On the seventh day, and for the first time, he appears on the screen by himself, after a puzzling 584-kilometre stage along the Algerian — Libyan border. It’s already dark by the time he comes in off the desert and drives up to the encampment.
‘That’d be him,’ says Ma, who’s only half paying attention to the screen.
Joe’s face is brown and dirty, the camera crew’s lamps illuminate him against a royal-blue sky and a decor of tents, satellite dishes and men in motorcycle leathers bustling on and off. Joe looks over the interviewer’s shoulder and says hello to someone we can’t see.

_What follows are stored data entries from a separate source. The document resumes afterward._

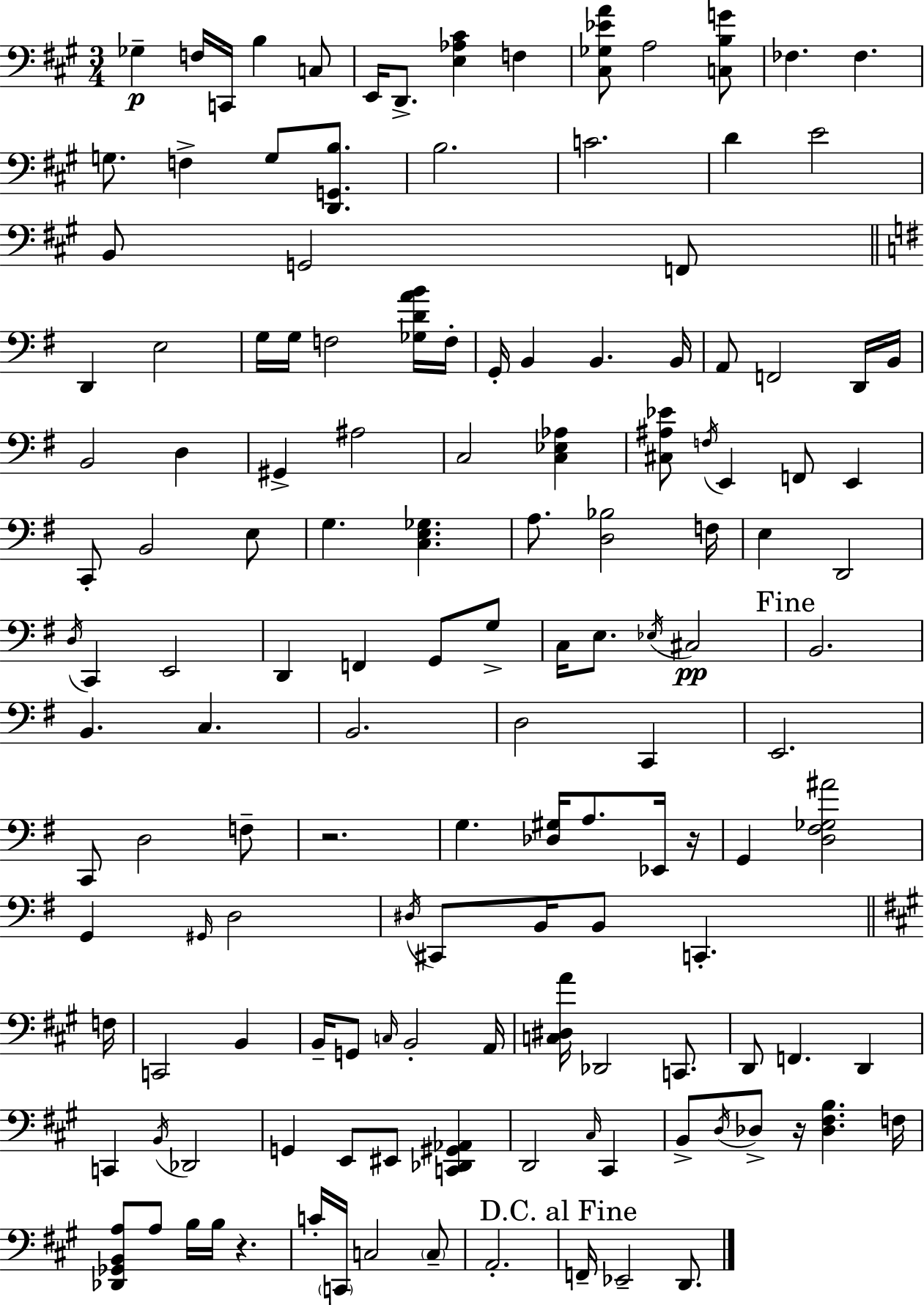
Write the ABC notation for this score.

X:1
T:Untitled
M:3/4
L:1/4
K:A
_G, F,/4 C,,/4 B, C,/2 E,,/4 D,,/2 [E,_A,^C] F, [^C,_G,_EA]/2 A,2 [C,B,G]/2 _F, _F, G,/2 F, G,/2 [D,,G,,B,]/2 B,2 C2 D E2 B,,/2 G,,2 F,,/2 D,, E,2 G,/4 G,/4 F,2 [_G,DAB]/4 F,/4 G,,/4 B,, B,, B,,/4 A,,/2 F,,2 D,,/4 B,,/4 B,,2 D, ^G,, ^A,2 C,2 [C,_E,_A,] [^C,^A,_E]/2 F,/4 E,, F,,/2 E,, C,,/2 B,,2 E,/2 G, [C,E,_G,] A,/2 [D,_B,]2 F,/4 E, D,,2 D,/4 C,, E,,2 D,, F,, G,,/2 G,/2 C,/4 E,/2 _E,/4 ^C,2 B,,2 B,, C, B,,2 D,2 C,, E,,2 C,,/2 D,2 F,/2 z2 G, [_D,^G,]/4 A,/2 _E,,/4 z/4 G,, [D,^F,_G,^A]2 G,, ^G,,/4 D,2 ^D,/4 ^C,,/2 B,,/4 B,,/2 C,, F,/4 C,,2 B,, B,,/4 G,,/2 C,/4 B,,2 A,,/4 [C,^D,A]/4 _D,,2 C,,/2 D,,/2 F,, D,, C,, B,,/4 _D,,2 G,, E,,/2 ^E,,/2 [C,,_D,,^G,,_A,,] D,,2 ^C,/4 ^C,, B,,/2 D,/4 _D,/2 z/4 [_D,^F,B,] F,/4 [_D,,_G,,B,,A,]/2 A,/2 B,/4 B,/4 z C/4 C,,/4 C,2 C,/2 A,,2 F,,/4 _E,,2 D,,/2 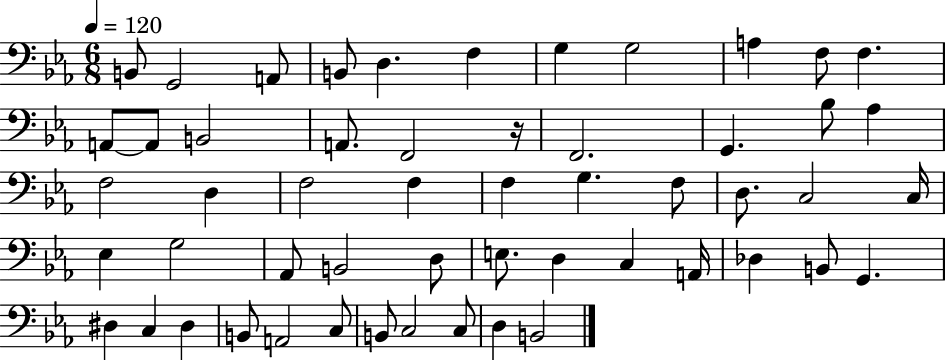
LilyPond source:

{
  \clef bass
  \numericTimeSignature
  \time 6/8
  \key ees \major
  \tempo 4 = 120
  b,8 g,2 a,8 | b,8 d4. f4 | g4 g2 | a4 f8 f4. | \break a,8~~ a,8 b,2 | a,8. f,2 r16 | f,2. | g,4. bes8 aes4 | \break f2 d4 | f2 f4 | f4 g4. f8 | d8. c2 c16 | \break ees4 g2 | aes,8 b,2 d8 | e8. d4 c4 a,16 | des4 b,8 g,4. | \break dis4 c4 dis4 | b,8 a,2 c8 | b,8 c2 c8 | d4 b,2 | \break \bar "|."
} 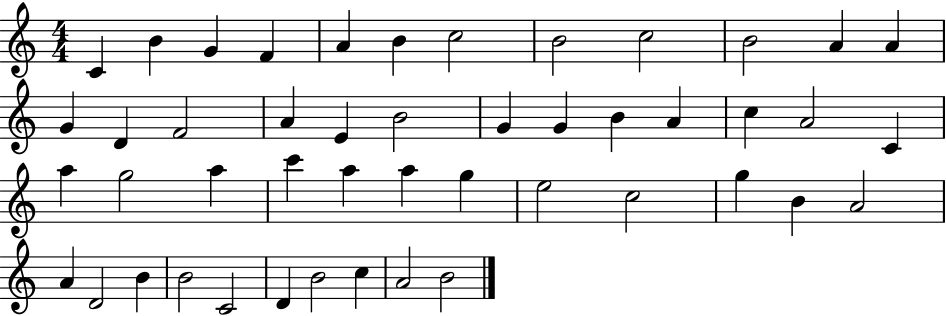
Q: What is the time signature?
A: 4/4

His T-shirt reads BETHLEHEM ASPHALT, LOMARK, with smaller letters underneath saying FOR ALL YOUR PAVED NEEDS. Why, the interviewer asks, did he decide to take part in a bulldozer?
‘It’s only a small step from a truck to a bulldozer,’ Joe says. ‘Except for a camel, I figured it was the best means of transportation in the desert.’
‘And is it?’
Joe grins tiredly.
‘No.’
‘Are you having a rough time?’
‘I’m sore all over, and it’s a pity that you don’t get to see much of the desert. I came here for the desert, but you have to concentrate on the road all day. Especially the ergs, dunes and stuff, sometimes that sand is like talcum powder. The landscape moves and you have to find your way through it.’
‘You’re taking part under the name “Joe Speedboat”, what does that mean?’